4.5.1 Sample Selection Coefficients \(k_{1}\) and \(k_{2}\).

In this section, to verify the effectiveness of the reliable sample selection mechanism, we test the effect of two reliable sample thresholds \(k_{1}\) and \(k_{2}\) on the downstream accuracy of the model using the Cora dataset as an example. Among them, Fig. 4a shows the effect of the value of \(k_{1}\) on the downstream model when only \(k_{1}\) is used as the reliable sample selection mechanism. Figure 4b shows the effect of the value of \(k_{2}\) on the downstream model when only \(k_{2}\) is used as the reliable sample selection mechanism. The three dashed lines in the figure indicate the performance of the upstream model under the three metrics as a reference for comparison. It is clear that both of the reliable sample selection mechanisms we employ can greatly improve the quality of pseudo-labels as supervisory information. When the value of \(k_{1}\) is small, we obtain samples with higher confidence, but the number of samples is small, so the overall generalization performance is poor. Since we select the samples according to percentages, we can ensure that the number of samples selected for each cluster class is relatively balanced. The overall model performance does not fluctuate significantly with changes of \(k_{1}\) and \(k_{2}\) values. After that, as the threshold value keeps increasing, the number of samples and reliability reach a balance point, achieving a better result. At the same time, we test the combination of two reliable samples. In particular, Fig. 4c shows the effect of changing the value of \(k_{1}\) on the downstream model when setting \(k_{2}=0.3\). Figure 4d shows the effect of varying the value of \(k_{1}\) on the downstream model when setting \(k_{1}=0.3\). We can see that when \(k_{1}\) or \(k_{2}\) is less than or equal to 0.3, the performance of the model is generally poor and even lower than the accuracy of the upstream model. The main reason for this is that there are not enough sample points to satisfy both conditions at the same time, so the performance of the model is seriously affected. As the reliable sample threshold increases, the effects of sample size and sample reliability on the model are balanced, and the downstream model outperforms the upstream model, reaching the goal of using pseudo-labels to guide the training of the downstream model.

Fig. 5
figure 5

2D t-SNE visualization of DSAGC on Cora and Pubmed.
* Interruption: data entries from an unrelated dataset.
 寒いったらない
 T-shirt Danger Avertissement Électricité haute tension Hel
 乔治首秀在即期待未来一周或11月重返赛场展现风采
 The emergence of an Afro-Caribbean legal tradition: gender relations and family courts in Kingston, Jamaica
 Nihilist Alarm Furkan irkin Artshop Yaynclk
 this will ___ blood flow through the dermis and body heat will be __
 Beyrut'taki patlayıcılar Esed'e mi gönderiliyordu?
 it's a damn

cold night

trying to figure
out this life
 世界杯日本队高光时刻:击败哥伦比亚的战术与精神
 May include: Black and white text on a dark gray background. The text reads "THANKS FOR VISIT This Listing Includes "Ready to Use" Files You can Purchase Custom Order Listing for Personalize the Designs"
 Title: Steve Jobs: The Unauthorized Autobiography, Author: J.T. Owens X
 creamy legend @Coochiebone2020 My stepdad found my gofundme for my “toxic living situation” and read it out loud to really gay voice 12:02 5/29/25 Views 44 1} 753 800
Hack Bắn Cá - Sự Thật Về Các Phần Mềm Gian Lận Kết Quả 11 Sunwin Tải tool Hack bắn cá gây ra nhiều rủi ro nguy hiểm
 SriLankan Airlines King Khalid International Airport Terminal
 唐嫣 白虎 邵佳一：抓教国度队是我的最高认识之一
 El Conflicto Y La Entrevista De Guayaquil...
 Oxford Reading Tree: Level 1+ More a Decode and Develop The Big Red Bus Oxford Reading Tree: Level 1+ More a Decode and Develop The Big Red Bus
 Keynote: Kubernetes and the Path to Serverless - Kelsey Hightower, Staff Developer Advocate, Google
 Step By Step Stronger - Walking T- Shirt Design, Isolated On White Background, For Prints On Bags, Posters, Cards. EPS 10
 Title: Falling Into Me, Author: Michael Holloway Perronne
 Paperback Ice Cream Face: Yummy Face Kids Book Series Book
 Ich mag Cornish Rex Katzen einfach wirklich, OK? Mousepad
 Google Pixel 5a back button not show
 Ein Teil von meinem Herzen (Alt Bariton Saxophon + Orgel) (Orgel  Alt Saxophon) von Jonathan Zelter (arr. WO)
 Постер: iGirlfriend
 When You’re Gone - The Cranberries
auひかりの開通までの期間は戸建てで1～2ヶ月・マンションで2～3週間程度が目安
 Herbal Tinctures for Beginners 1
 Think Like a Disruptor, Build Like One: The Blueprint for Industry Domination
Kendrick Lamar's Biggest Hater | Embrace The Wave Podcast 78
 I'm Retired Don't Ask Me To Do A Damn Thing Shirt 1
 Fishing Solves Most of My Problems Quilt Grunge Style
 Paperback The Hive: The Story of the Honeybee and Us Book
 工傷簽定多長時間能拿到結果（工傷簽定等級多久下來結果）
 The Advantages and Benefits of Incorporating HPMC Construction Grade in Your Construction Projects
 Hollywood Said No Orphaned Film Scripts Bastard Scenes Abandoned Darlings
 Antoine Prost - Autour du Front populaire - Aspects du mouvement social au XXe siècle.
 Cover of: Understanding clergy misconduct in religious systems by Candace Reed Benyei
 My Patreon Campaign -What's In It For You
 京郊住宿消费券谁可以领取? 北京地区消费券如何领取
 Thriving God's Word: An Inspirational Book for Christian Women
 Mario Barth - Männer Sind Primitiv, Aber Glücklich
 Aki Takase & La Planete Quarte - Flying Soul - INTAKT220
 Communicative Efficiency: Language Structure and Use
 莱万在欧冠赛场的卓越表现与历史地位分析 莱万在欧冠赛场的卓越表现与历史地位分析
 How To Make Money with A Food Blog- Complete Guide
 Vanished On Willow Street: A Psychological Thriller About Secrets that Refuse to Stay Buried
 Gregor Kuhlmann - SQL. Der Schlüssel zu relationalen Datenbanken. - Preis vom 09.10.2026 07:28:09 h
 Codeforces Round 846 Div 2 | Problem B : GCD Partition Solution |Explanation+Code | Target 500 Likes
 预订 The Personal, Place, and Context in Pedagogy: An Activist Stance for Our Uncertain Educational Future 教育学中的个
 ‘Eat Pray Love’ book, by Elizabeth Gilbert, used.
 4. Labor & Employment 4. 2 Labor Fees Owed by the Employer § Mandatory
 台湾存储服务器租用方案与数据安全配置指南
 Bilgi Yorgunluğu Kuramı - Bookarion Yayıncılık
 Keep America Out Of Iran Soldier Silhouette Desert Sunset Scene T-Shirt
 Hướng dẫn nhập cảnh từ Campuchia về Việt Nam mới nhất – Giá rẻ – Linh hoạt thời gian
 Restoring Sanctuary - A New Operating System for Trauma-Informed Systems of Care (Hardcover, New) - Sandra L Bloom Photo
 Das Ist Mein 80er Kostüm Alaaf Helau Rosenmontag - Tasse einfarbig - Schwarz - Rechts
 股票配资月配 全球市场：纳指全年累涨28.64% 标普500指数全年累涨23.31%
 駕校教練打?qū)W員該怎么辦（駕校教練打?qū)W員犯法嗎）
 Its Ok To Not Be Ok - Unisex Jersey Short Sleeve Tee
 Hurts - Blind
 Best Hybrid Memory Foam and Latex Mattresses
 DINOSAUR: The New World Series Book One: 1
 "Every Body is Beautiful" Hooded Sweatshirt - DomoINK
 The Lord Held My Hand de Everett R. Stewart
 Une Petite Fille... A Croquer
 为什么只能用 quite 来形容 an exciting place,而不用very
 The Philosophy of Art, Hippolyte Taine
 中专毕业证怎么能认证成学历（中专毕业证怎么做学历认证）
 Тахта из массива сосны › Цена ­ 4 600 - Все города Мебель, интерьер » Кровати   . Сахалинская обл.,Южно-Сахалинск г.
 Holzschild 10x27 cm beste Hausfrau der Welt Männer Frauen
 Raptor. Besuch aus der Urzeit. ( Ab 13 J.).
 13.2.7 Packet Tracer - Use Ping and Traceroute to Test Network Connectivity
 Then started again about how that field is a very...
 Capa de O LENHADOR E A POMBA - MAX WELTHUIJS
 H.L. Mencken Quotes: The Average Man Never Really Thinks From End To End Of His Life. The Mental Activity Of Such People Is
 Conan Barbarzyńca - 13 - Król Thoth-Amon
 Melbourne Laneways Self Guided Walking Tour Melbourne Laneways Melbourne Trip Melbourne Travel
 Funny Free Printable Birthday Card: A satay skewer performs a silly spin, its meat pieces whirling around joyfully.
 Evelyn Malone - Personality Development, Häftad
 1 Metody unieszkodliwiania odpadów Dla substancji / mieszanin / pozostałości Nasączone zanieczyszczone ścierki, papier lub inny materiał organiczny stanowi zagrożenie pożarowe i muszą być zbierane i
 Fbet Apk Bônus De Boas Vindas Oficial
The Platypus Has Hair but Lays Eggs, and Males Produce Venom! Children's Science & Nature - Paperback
Where each column represents original, only reconstruction, pretext task, and downstream task respectively, i.e., the data distribution of the four phases of the model training. ad Cora. eh Pubmed

4.5.2 Visualization Analysis

To more intuitively reflect the impact of the two self-supervised terms on the data distribution at each stage of model training, we perform t-SNE visualization on two datasets. As shown in Fig. 5, it is observed that the model can perform an initial clustering of the samples when guided only by the reconstruction loss. However, the distances between the different clusters are still very close together. In contrast, when the clustering information is used to construct the trustworthy distribution to guide the training, the distance between the clusters is progressively expanded, and the same cluster samples move closer to each other. Through the reliable sample selection mechanism, we can further weaken the negative impact of cluster boundary samples and improve the performance of the downstream model.

5 Conclusion

In this paper, we propose a new deep self-supervised attributed graph clustering framework for social network datasets analysis. The model uses the pseudo-label information generated by clustering to construct a high-confidence distribution based on spectral clustering in the pretext task, which guides the model to learn embeddings that satisfy the specific clustering task. We further use the pseudo-label information to select reliable samples to assist in the training of the downstream model. Under the guidance of the pseudo-label, we use the cosine similarity between embedding to select the samples most similar to the other samples in the same cluster as the reliable samples. We also add a margin between the similarity of the same cluster samples and opposite cluster samples to improve its quality. We evaluate the proposed DSAGC on four popular benchmark datasets. The experimental results show the effectiveness of the proposed model on the node clustering task.